### DATA BELOW
<<<<
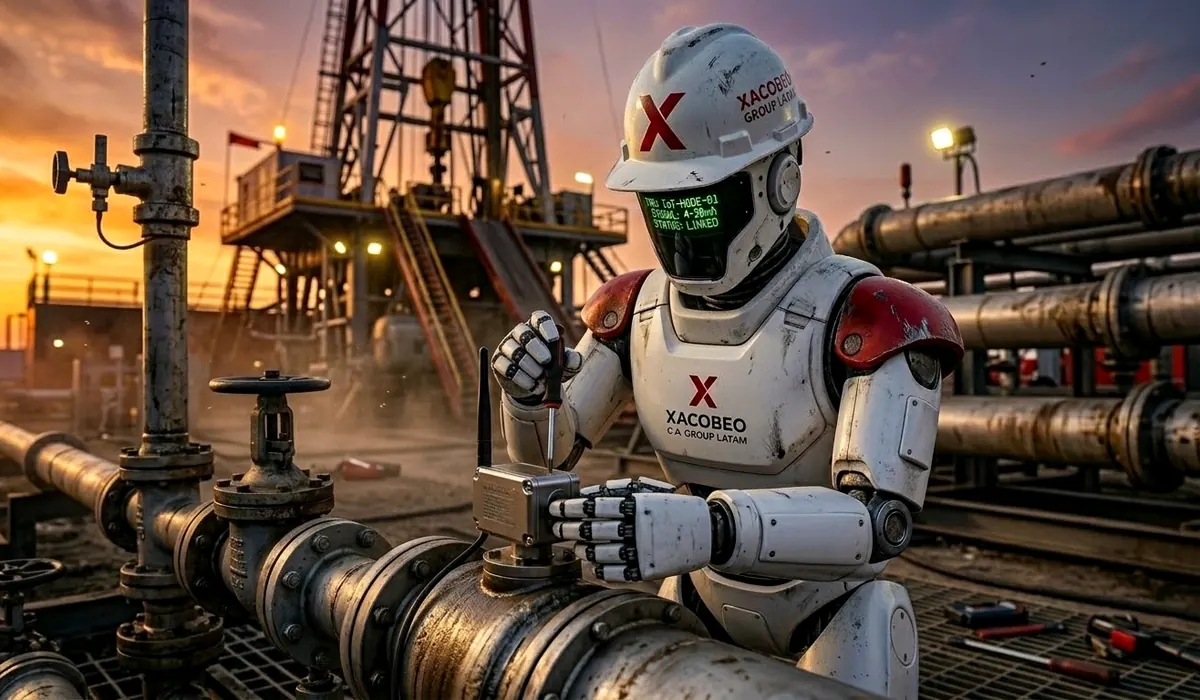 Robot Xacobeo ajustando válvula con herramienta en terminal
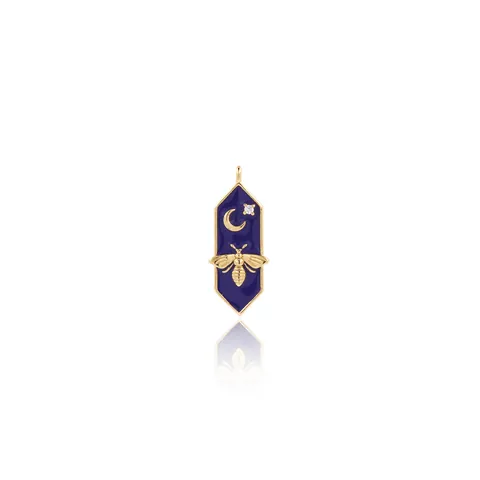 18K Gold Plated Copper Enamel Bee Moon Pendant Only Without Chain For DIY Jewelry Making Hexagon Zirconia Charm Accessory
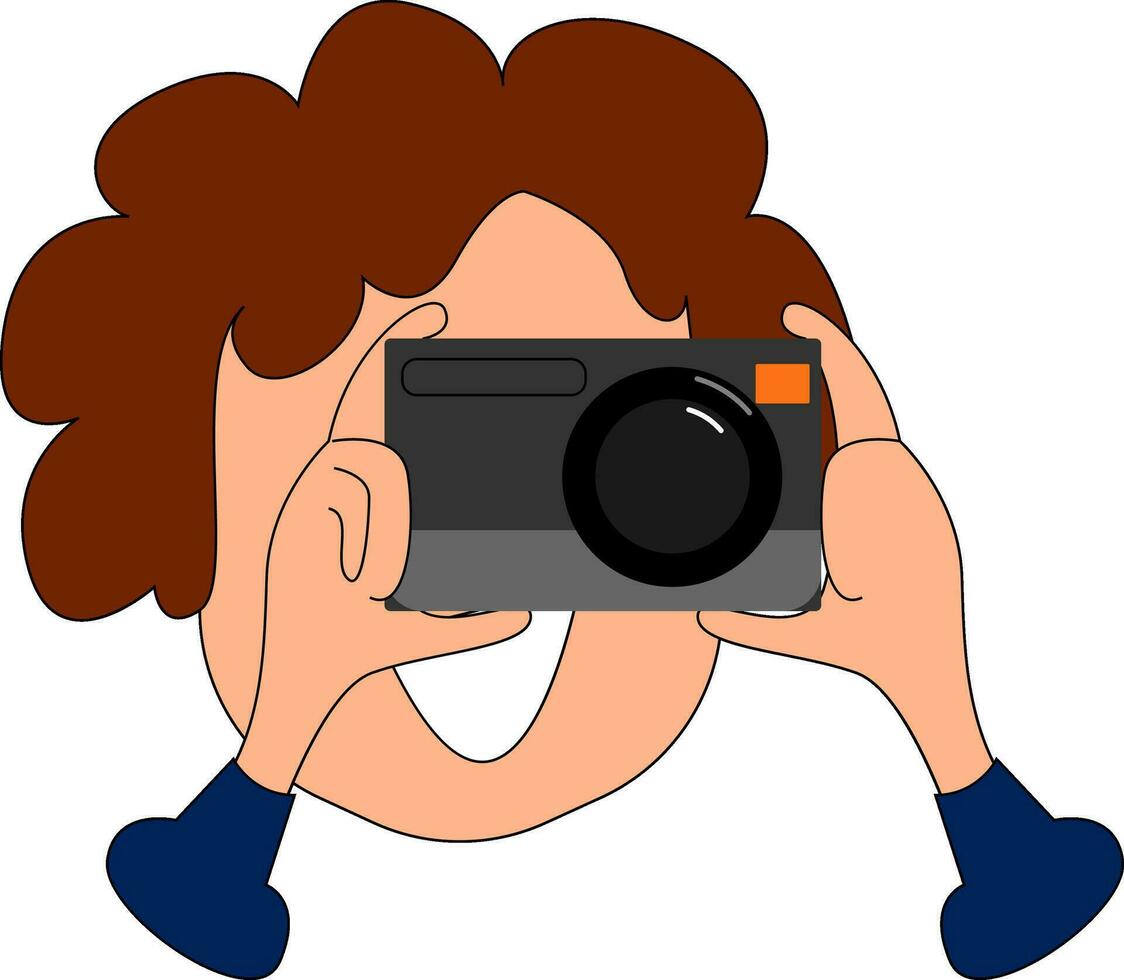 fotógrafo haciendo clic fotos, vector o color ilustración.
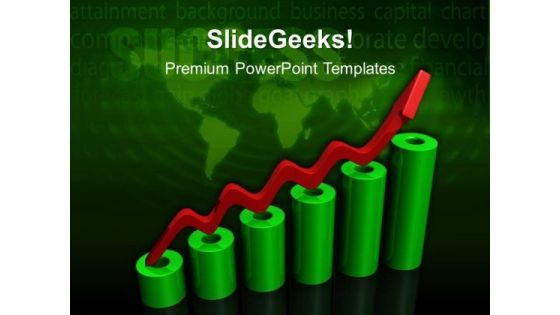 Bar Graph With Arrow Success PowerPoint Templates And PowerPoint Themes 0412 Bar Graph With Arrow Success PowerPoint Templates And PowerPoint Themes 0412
>>>>
### ASSIGNMENT
Repeat the listing verbatim, pictures excluded.

### EXERCISE OUTPUT
 Robot Xacobeo ajustando válvula con herramienta en terminal
 18K Gold Plated Copper Enamel Bee Moon Pendant Only Without Chain For DIY Jewelry Making Hexagon Zirconia Charm Accessory
 fotógrafo haciendo clic fotos, vector o color ilustración.
 Bar Graph With Arrow Success PowerPoint Templates And PowerPoint Themes 0412 Bar Graph With Arrow Success PowerPoint Templates And PowerPoint Themes 0412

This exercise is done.